* **Exercise prompt**
Please take the records that follow and repeat exactly the lines starting with the line with "5354 Granville Ct, Fremont, CA 94536" and going on through the line with "L Fino D295".

* **Input**
=== Section Start ===
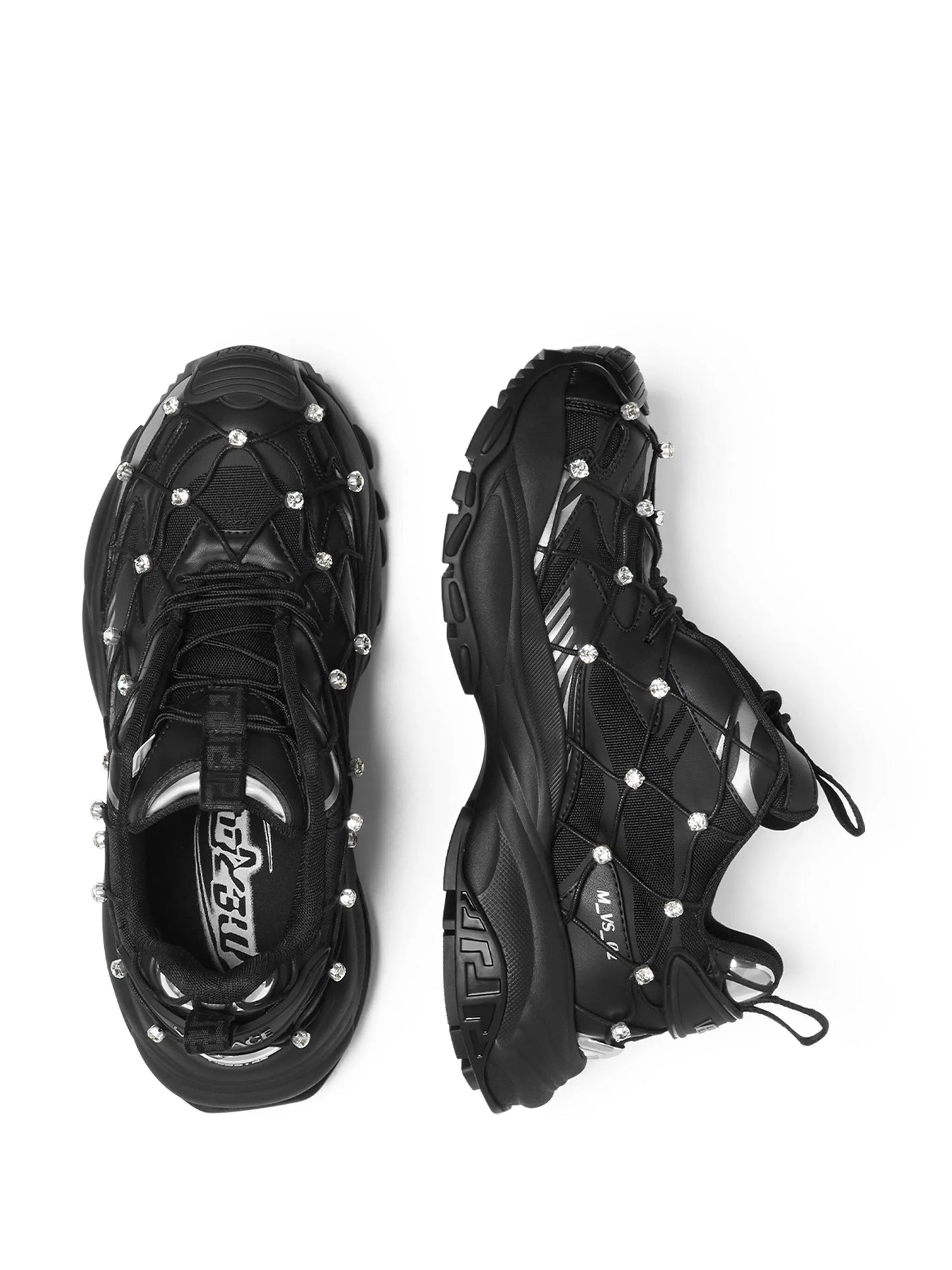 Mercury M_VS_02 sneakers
=== Section End ===
=== Section Start ===
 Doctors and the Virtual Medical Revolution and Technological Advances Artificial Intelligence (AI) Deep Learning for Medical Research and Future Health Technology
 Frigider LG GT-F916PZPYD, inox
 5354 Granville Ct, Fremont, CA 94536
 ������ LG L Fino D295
=== Section End ===
=== Section Start ===
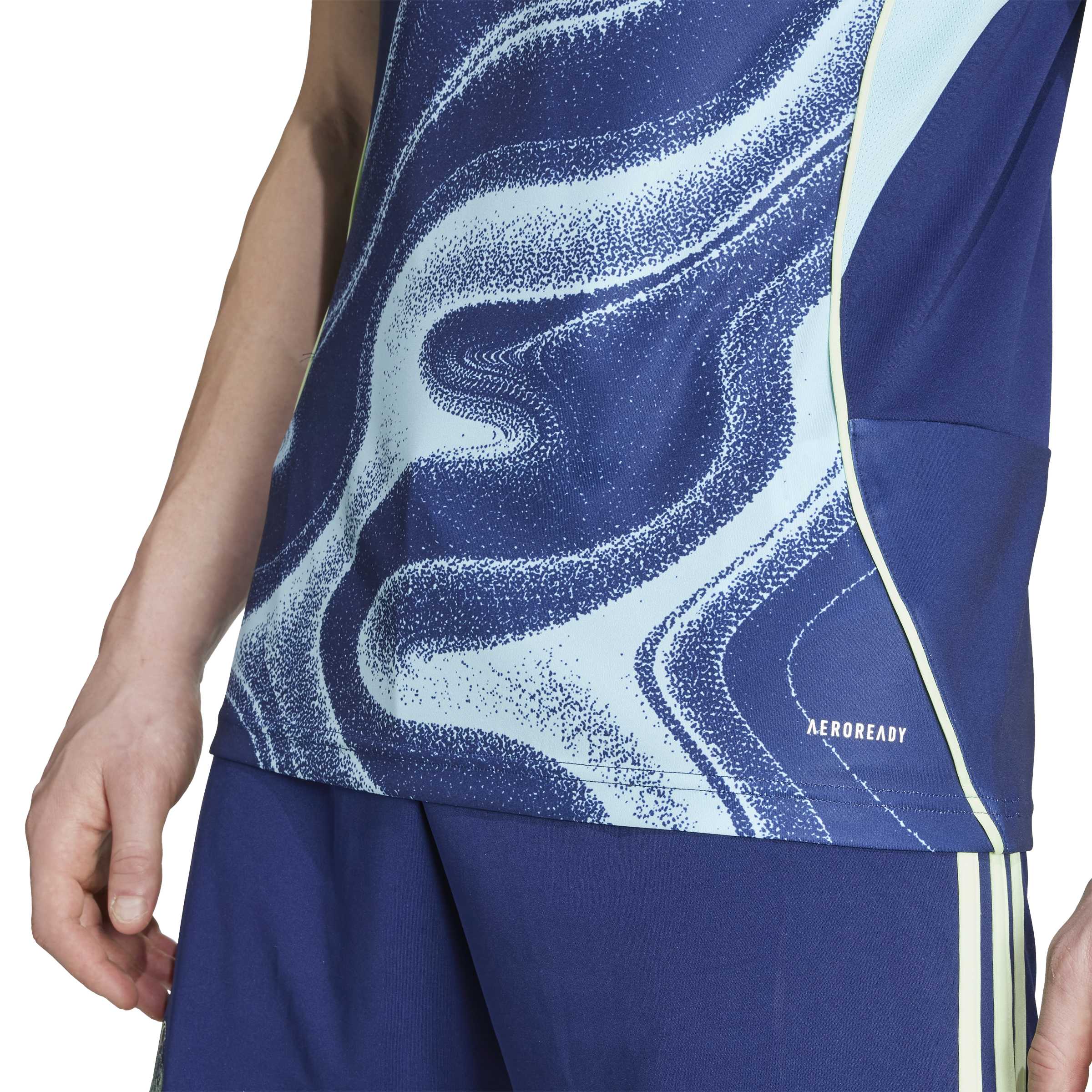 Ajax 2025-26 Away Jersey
=== Section End ===
* **Result of this exercise**
 5354 Granville Ct, Fremont, CA 94536
 ������ LG L Fino D295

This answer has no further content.